Kent-born abolitionist H.H. Garnet is focus of lecture at Sumner Hall

CHESTERTOWN — Washington College’s Starr Center for the Study of the American Experience is hosting a lecture on abolitionist and Kent County native Henry Highland Garnet.

The event is 6 p.m. Tuesday, Oct. 3 at Sumner Hall, 206 S. Queen St.

Sumner Hall, established in 1908, is the last in-use Grand Army of the Republic (Charles Sumner Post #25) African American veterans meeting hall in the United States.

The guest speaker on Oct. 3 is Anna Mae Duane, professor of English and director of the Humanities Institute at the University of Connecticut.

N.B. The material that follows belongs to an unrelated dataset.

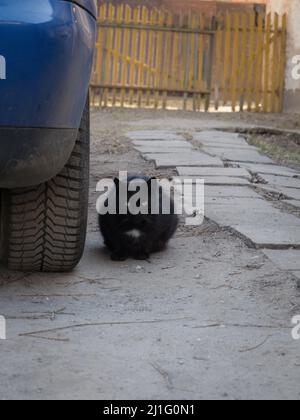 un gatto con una striscia nera seduto in cima a un marciapiede Foto Stock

Duane is the author of “Educated for Freedom: The Incredible Story of Two Fugitive Schoolboys Who Grew Up to Change a Nation.” The book is about James McCune Smith, the first African American to earn a medical degree, and his childhood friend Henry Highland Garnet.

Garnet was born into slavery in Kent County, escaping to New York with his family in 1824.

He would go on to become a clergyman and a firebrand orator in the abolitionist movement.

He was the first African American to deliver a speech in the U.S. House of Representatives and later became the U.S. ambassador to Liberia.